Gideon Pillow then brought in his artillery, under the command of Capt. John B. Magruder, Lt. Franklin D. Callender, and Lt. Jesse L. Reno.[1]: 292  In the meantime Col. Truman B. Ransom's 9th Infantry and Lt. Col. Milledge L. Bonham's 12th moved forward on the American right to within 200 yards of Valencia's camp by nightfall.[1]: 292  Pillow also sent General Bennet Riley's brigade, supported by General George Cadwalader, to seize San Jerónimo just north of Valencia's camp, while Persifor Smith's brigade, supported by General Franklin Pierce, struck Valencia from the front.[1]: 293  Scott sent General James Shields brigade to Pillow who sent it after Cadwalader.[1]: 293 

Santa Anna was angered by Valencia's disobedience, but nonetheless sought to save his army. He moved with Brigadier General Francisco Pérez's 3,000 man brigade to San Ángel, just north of the fighting.[1]: 293  Night brought a cold rain and the end of fighting for the day.[1]: 294  The American forces had positioned themselves to block Santa Anna's approach to Valencia's army. Santa Anna wanted to fall back in an orderly fashion and ordered Valencia to abandon his artillery and retreat with his men and their smaller weapons. Valencia refused to obey the order.[9]

During the night, Lt. Zealous Bates Tower discovered a ravine running southwest from San Jerónimo to the rear of Valencia's camp, which Smith planned to use for a dawn attack the next morning.[1]: 294  Lee volunteered to cross the Pedregal during the night so Scott could coordinate a diversion using Twiggs.[1]: 294  Twiggs did so at 5 AM, just as Smith struck Valencia from the rear.[1]: 295  Valencia did not put sentries along in the ravines along the path the American forces took, perhaps because of worries of desertion.[10] When the attack came, Mexican forces resisted fiercely, but within seventeen minutes, Valencia and his force fled to San Ángel.[1]: 295  Two of the cannons the American forces captured had been lost by Captain John P. O'Brien in bloody fighting at the Battle of Buena Vista in February 1847.[11] The U.S. forces captured 22 pieces of artillery and four generals.[1]: 295  The contemporary newspaper dispatch by George Wilkins Kendall names the generals: Miguel Blanco de Estrada, Manuel García Pueblita, N. Mendoza, and former President of Mexico and brigadier general José Mariano Salas, called "the notorious" for organizing the Guerrillas of Vengeance against the Americans.[12] "Valencia's repeated refusal to follow orders had led to the dissolution of Mexico's most experienced and disciplined regiments and exposed the rest of the army to the same possibility."[10]

With the rout of Valencia, Twiggs' army was in full pursuit as they retreated toward Mexico City.
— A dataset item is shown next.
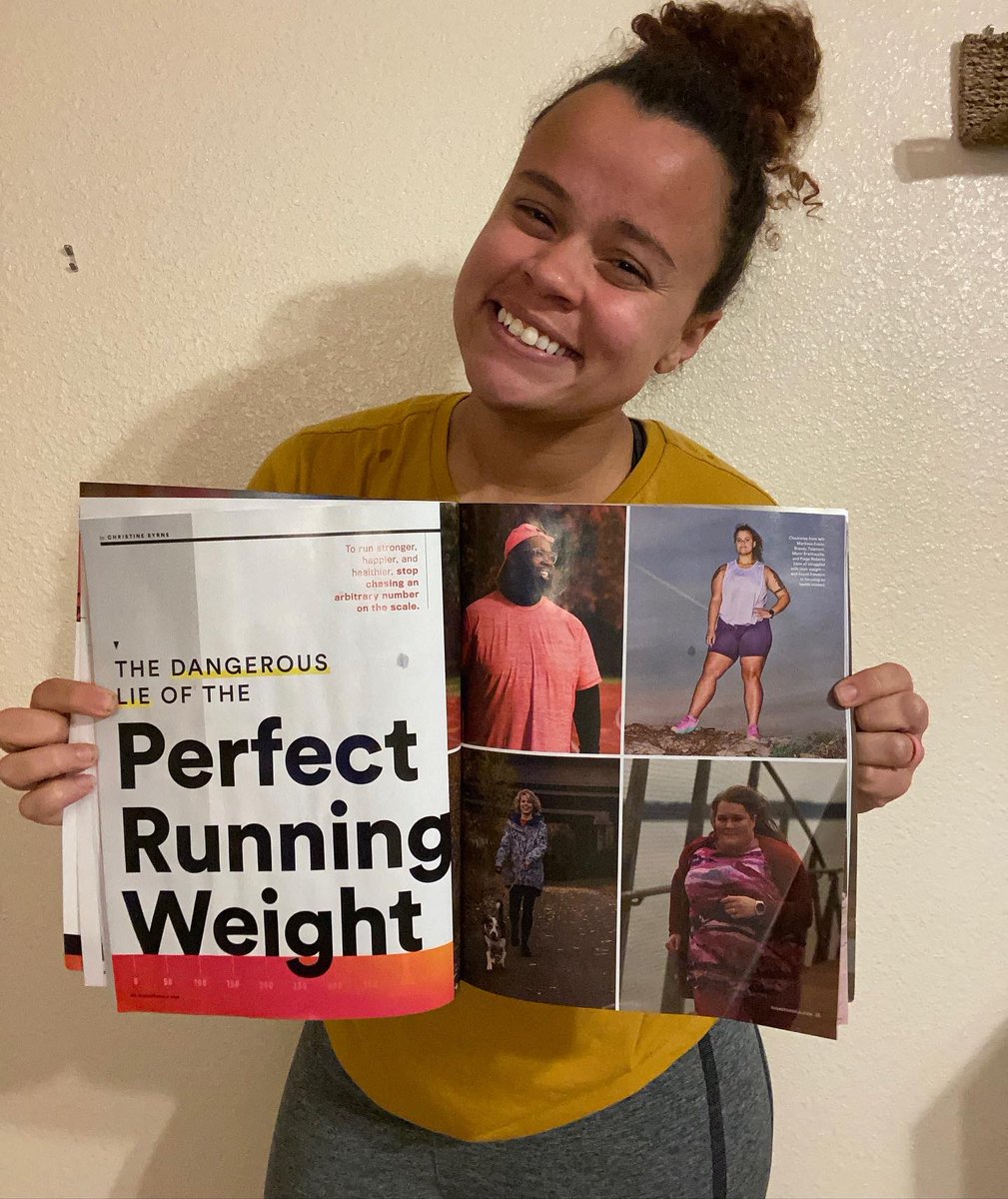 brandytherunner's tweet photo. Currently sitting on my couch crying, while it’s not a cover I’m in a freaking magazine 😭😭 I never thought I would see a body like mine in one. Especially a running one https://t.co/qsWSOvs1gR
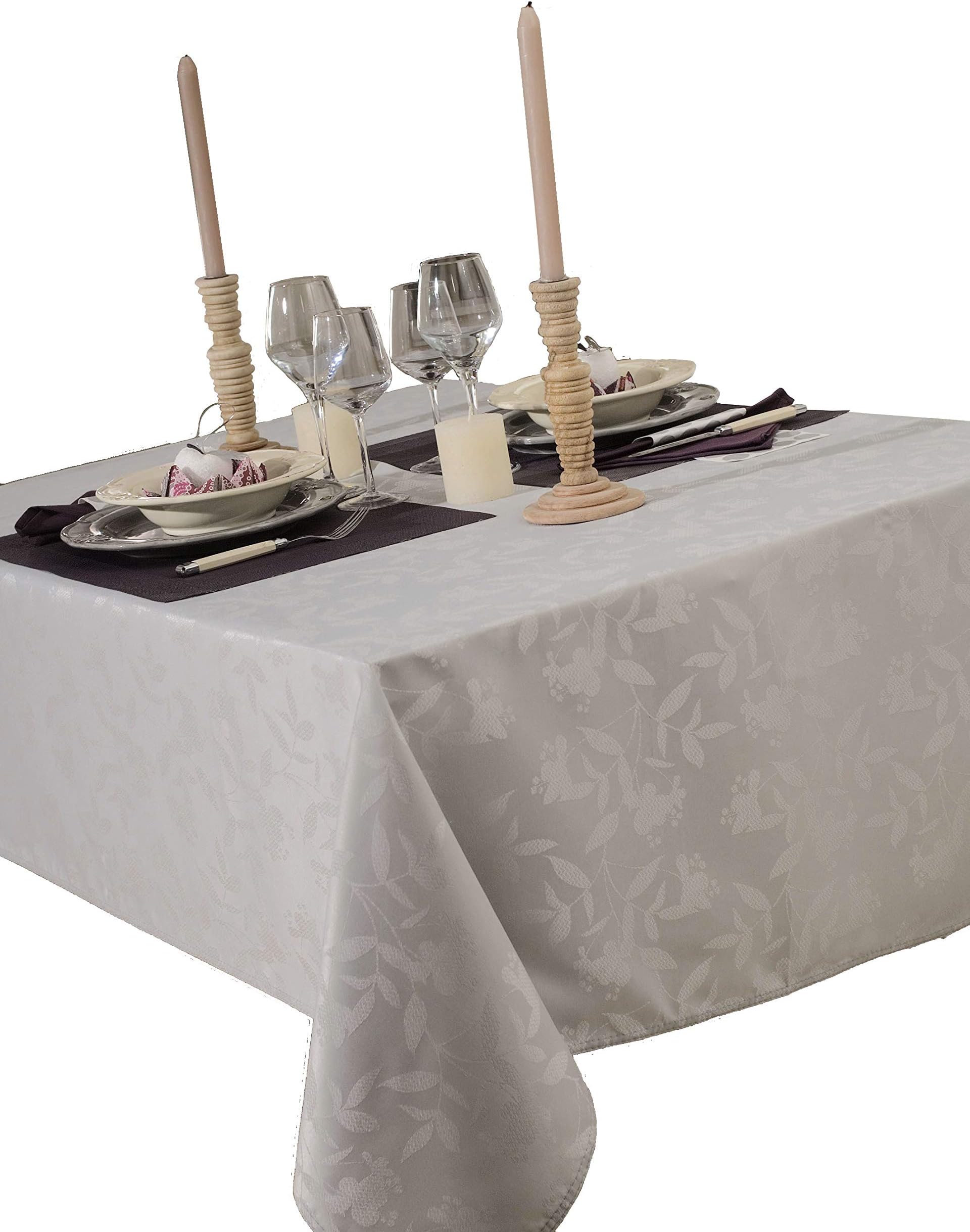 CALITEXDamask Ombra Tablecloth 150 x 250 cm Pearl Grey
Santa Anna had to fall to his second line of defense at fortifications he has created at the Churubusco River.[13] He ordered Major General Nicolás Bravo at San Antonio and Brigadier General Antonio Gaona at Mexicalzingo both to fall back to Churubusco, where soon the Battle of Churubusco would commence.[1]: 296 

Scott commended Lee, who made three-night crossings across the Pedregal, stating it was "the greatest feat of physical and moral courage performed by any individual" during the campaign,[1]: 294  and awarded Lee with a brevet rank of lieutenant colonel.[14] 843 Mexicans were taken prisoner.[1]: 295  No figures are available for the killed and wounded at Contreras but Winfield Scott estimated the Mexican casualties on August 20, at Contreras and Churubusco, at 4,297 killed and wounded; in addition to 2,637 taken prisoner.[1]: 305 

Santa Anna issued his version of events of the battle on 23 August 1847, which appeared in English translation in the New Orleans Daily Picayune on 9 September. In it, he claimed that "it would have been equal to a defeat to have kept the troops in the open field."[15]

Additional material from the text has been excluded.